4° de couverture, La bibliothèque des cœurs cabossésTout commence par les lettres que s’envoient deux femmes très différentes : Sara Lindqvist, vingt-huit ans, petit rat de bibliothèque mal dans sa peau, vivant à Haninge en Suède, et Amy Harris, soixante-cinq ans, vieille dame cultivée et solitaire, de Broken Wheel, dans l’Iowa. Après deux ans d’échanges et de conseils à la fois sur la littérature et sur la vie, Sara décide de rendre visite à Amy. Mais, quand elle arrive là-bas, elle apprend avec stupeur qu’Amy est morte. Elle se retrouve seule et perdue dans cette étrange petite ville américaine. Pour la première fois de sa vie, Sara se fait de vrais amis – et pas uniquement les personnages de ses romans préférés –, qui l’aident à monter une librairie avec tous les livres qu’Amy affectionnait tant. Ce sera pour Sara, et pour les habitants attachants et loufoques de Broken Wheel, une véritable renaissance. Et lorsque son visa de trois mois expire, ses nouveaux amis ont une idée géniale et complètement folle pour la faire rester à Broken Wheel…

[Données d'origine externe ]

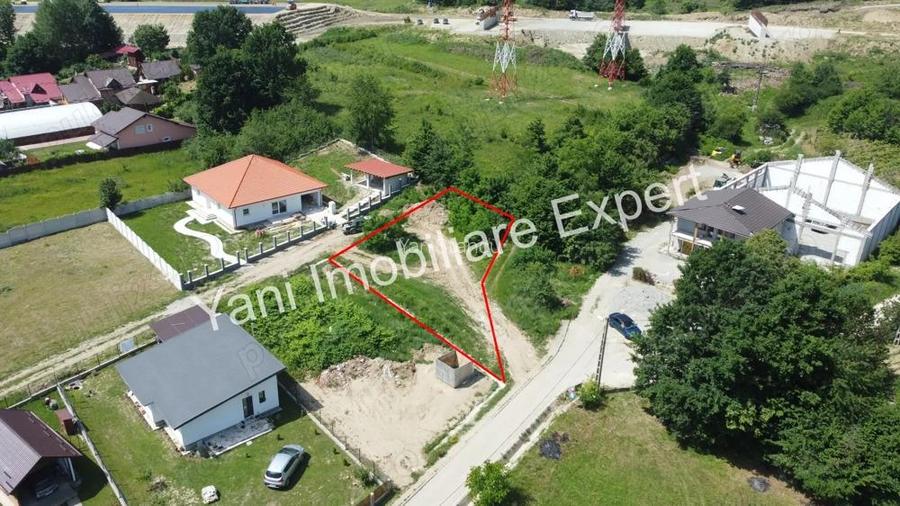 Teren de vanzare in Curtea de Arge?, zona Noapte?.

4° de couverture, La petite librairie des coeurs brisés :  Amoureuse des livres depuis toujours, Posy travaille dans une vieille librairie londonienne et passe son temps à lire des romans d’amour. À la mort de l’excentrique propriétaire des lieux, elle hérite de cette institution qui périclite à vue d’oeil. Posy remue ciel et terre pour éviter la faillite et fonder la librairie de ses rêves, spécialisée dans les romans d’amour, Au bonheur des tendres. Mais Sebastian, le petit-fils de la défunte propriétaire – et accessoirement le plus grossier des Londoniens – est bien décidé à faire de sa vie un enfer : ses goûts littéraires et ses intérêts sont opposés aux siens. Alors que Posy se démène pour sauver la librairie, elle tombe bien malgré elle sous le charme de son ennemi juré…

 

img_Logo_biographie

 Katarina Bivald, Katarina Bivald a grandi en travaillant à mi-temps dans une librairie. Aujourd’hui, elle vit près de Stockholm, en Suède, avec sa sœur. “La Bibliothèque des cœurs cabossés” est son premier roman il a été traduit dans plus d’une 20n de langues. “Le jour où Anita envoya tout balader” est son second roman paru aux éditions Denoël.
 Annie Darling, de nationalité britannique, elle vit à Londres, cet opus est son premier roman.